# [TRY IT]
Retype exactly what appears below from the line containing "Funny Gaming Socks" down to the line containing "Chibi Anime Character — Blue", keeping both end lines. Do not include pictures.
+++ EXTRACTED DATA
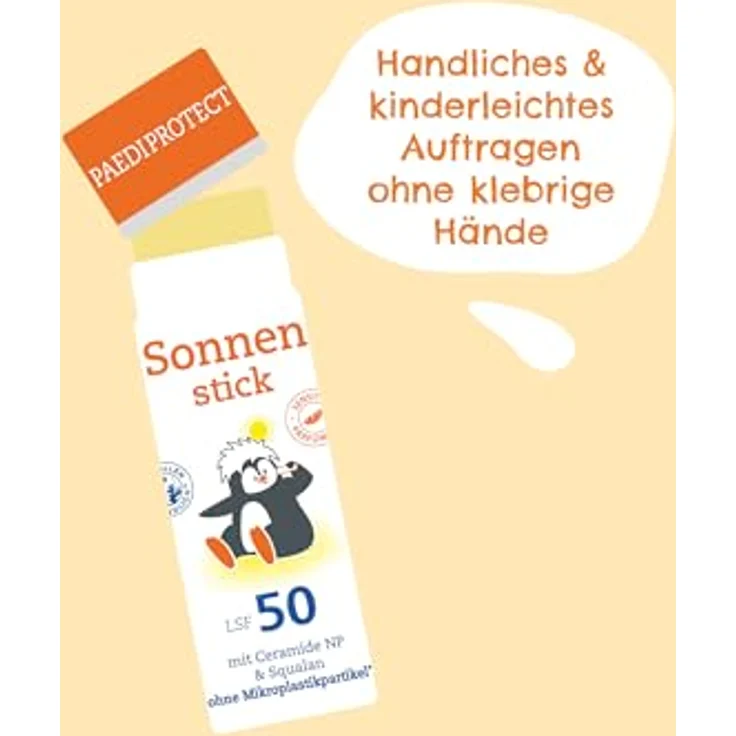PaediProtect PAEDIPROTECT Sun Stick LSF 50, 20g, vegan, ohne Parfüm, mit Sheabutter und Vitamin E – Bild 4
++++++
+++ EXTRACTED DATA
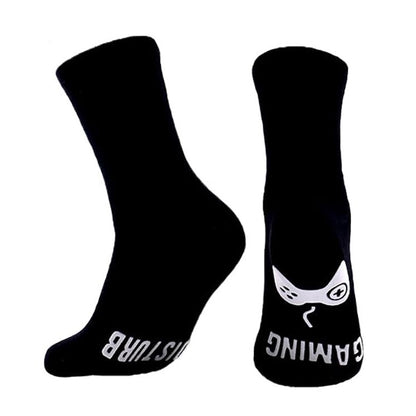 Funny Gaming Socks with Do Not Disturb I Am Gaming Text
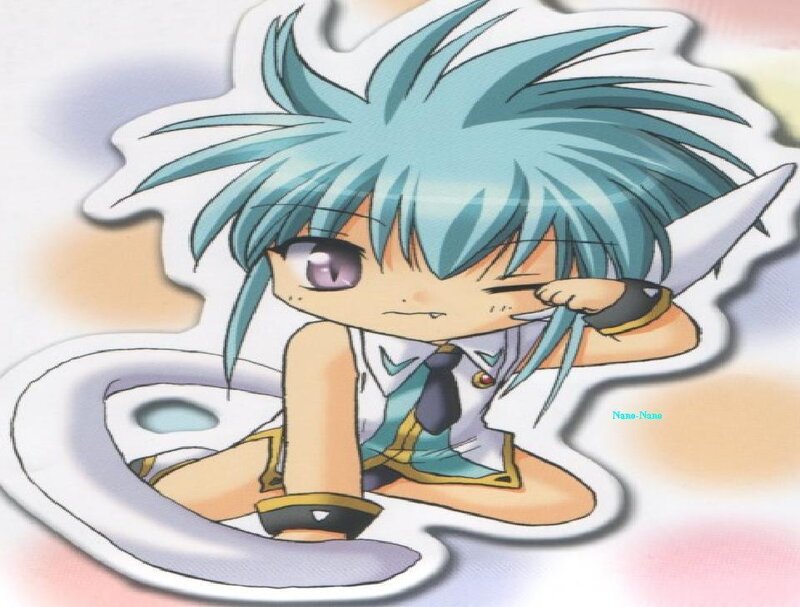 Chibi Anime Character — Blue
++++++
# [RESPONSE TO THE EXERCISE]
 Funny Gaming Socks with Do Not Disturb I Am Gaming Text
 Chibi Anime Character — Blue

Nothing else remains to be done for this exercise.